- Opening Delimiter -

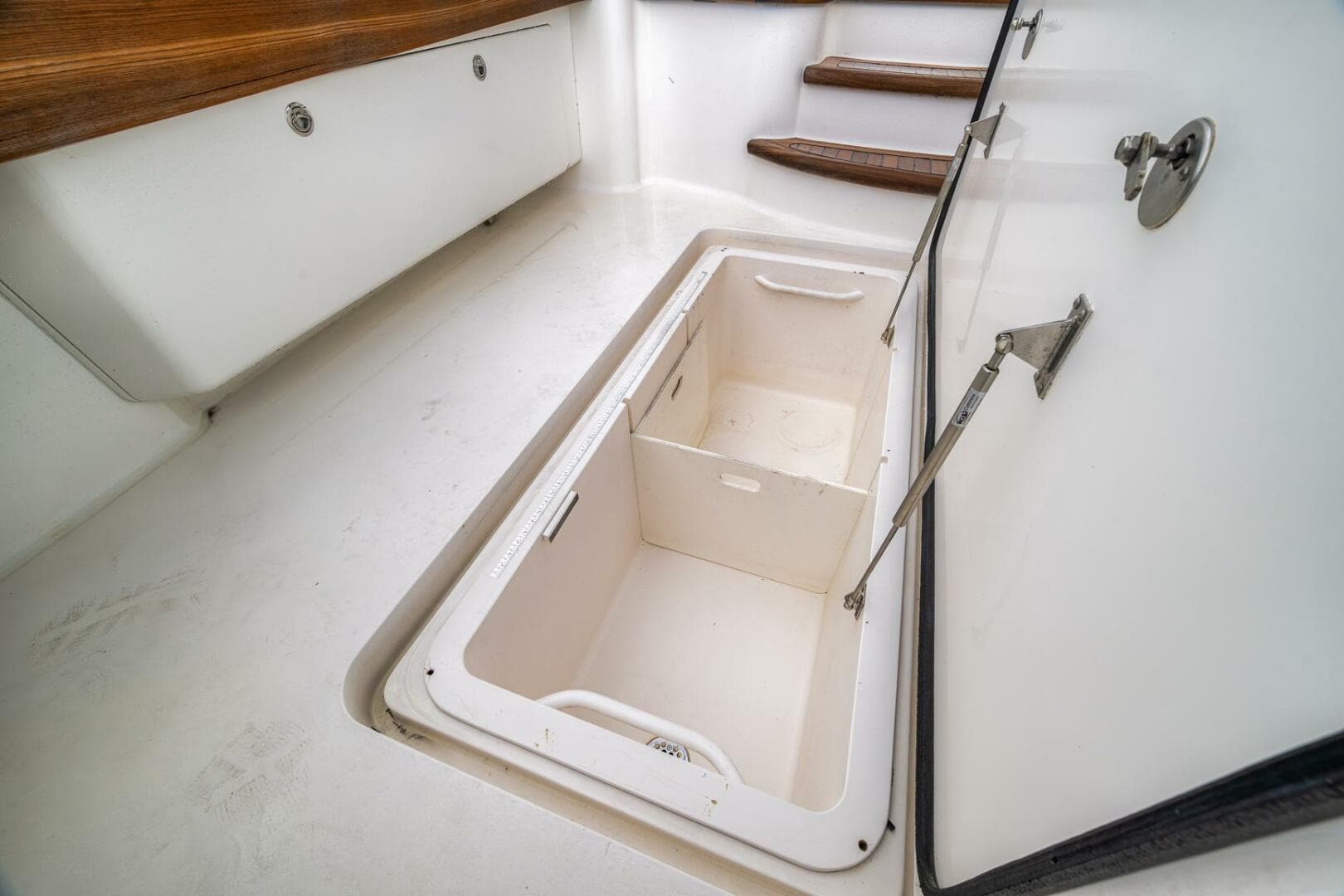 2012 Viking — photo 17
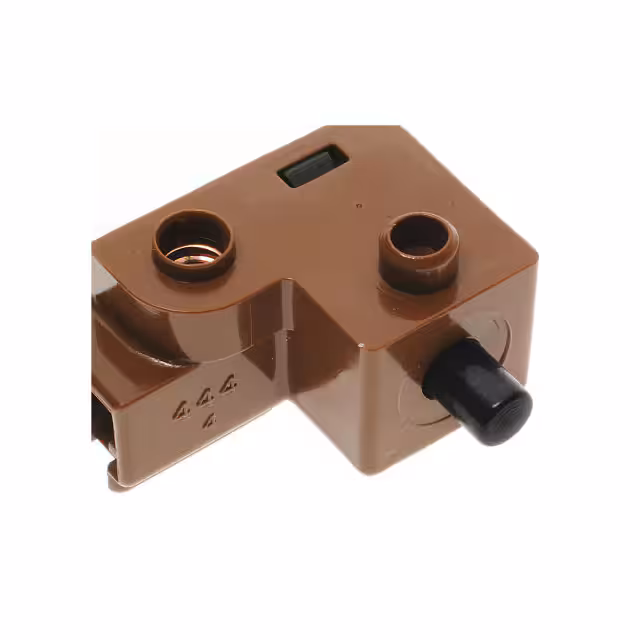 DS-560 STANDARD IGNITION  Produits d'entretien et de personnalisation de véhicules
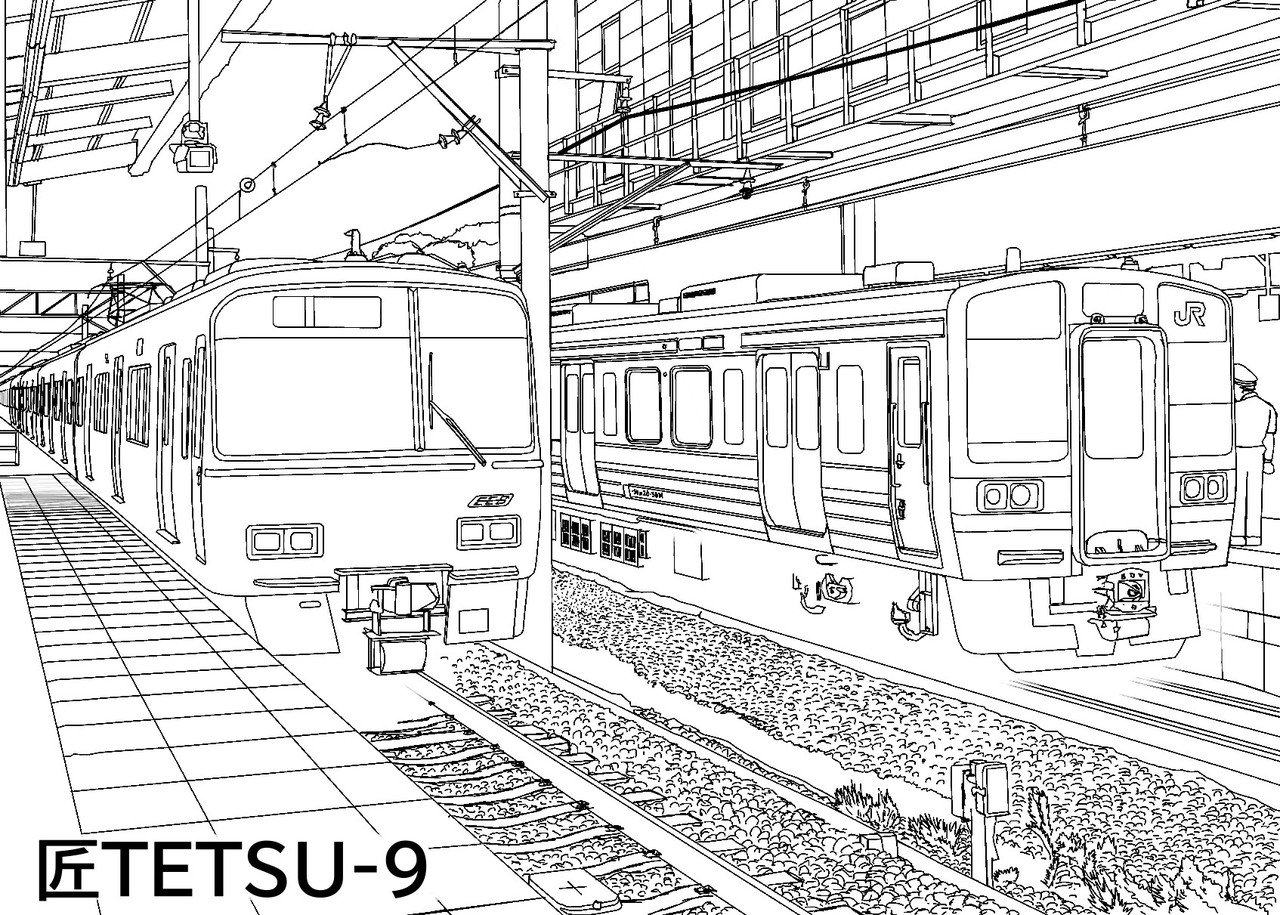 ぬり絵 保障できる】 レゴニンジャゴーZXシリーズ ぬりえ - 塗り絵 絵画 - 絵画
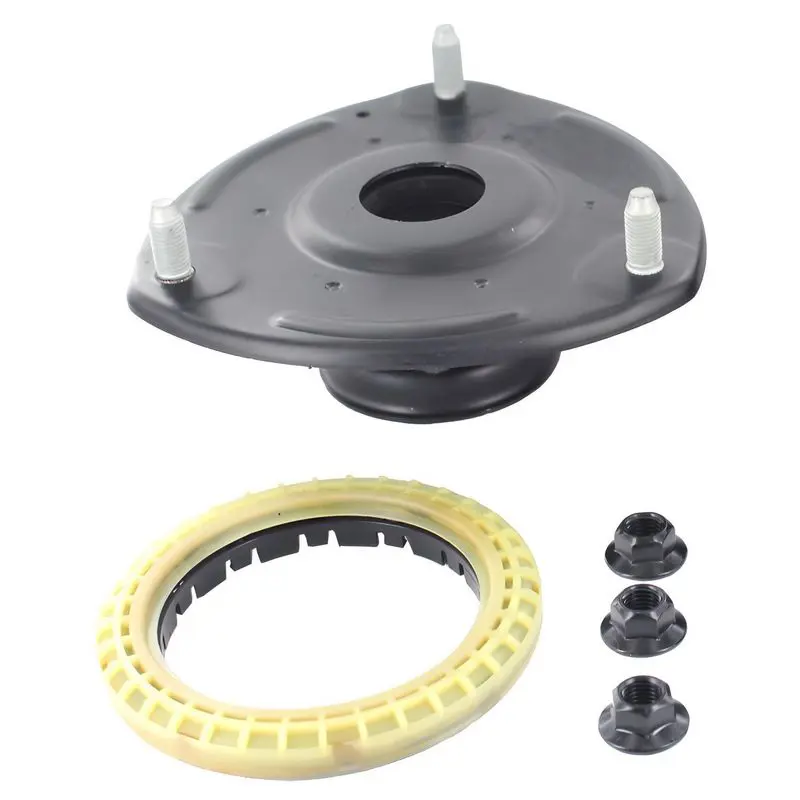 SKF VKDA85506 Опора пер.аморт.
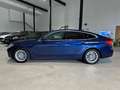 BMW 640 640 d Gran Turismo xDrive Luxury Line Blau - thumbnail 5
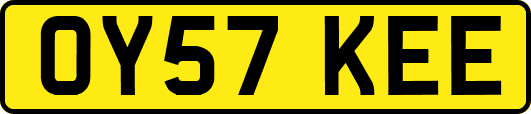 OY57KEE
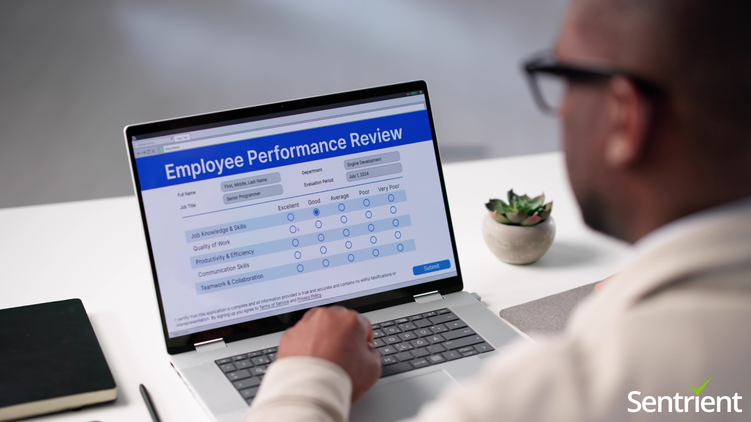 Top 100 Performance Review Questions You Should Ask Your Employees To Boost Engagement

- Closing Delimiter -

## [TASK GOAL]
What is needed is an exact copy of the data, without any pictures.

## [THE ANSWER]
 2012 Viking — photo 17
 DS-560 STANDARD IGNITION  Produits d'entretien et de personnalisation de véhicules
 ぬり絵 保障できる】 レゴニンジャゴーZXシリーズ ぬりえ - 塗り絵 絵画 - 絵画
 SKF VKDA85506 Опора пер.аморт.
 BMW 640 640 d Gran Turismo xDrive Luxury Line Blau - thumbnail 5
 OY57KEE
 Top 100 Performance Review Questions You Should Ask Your Employees To Boost Engagement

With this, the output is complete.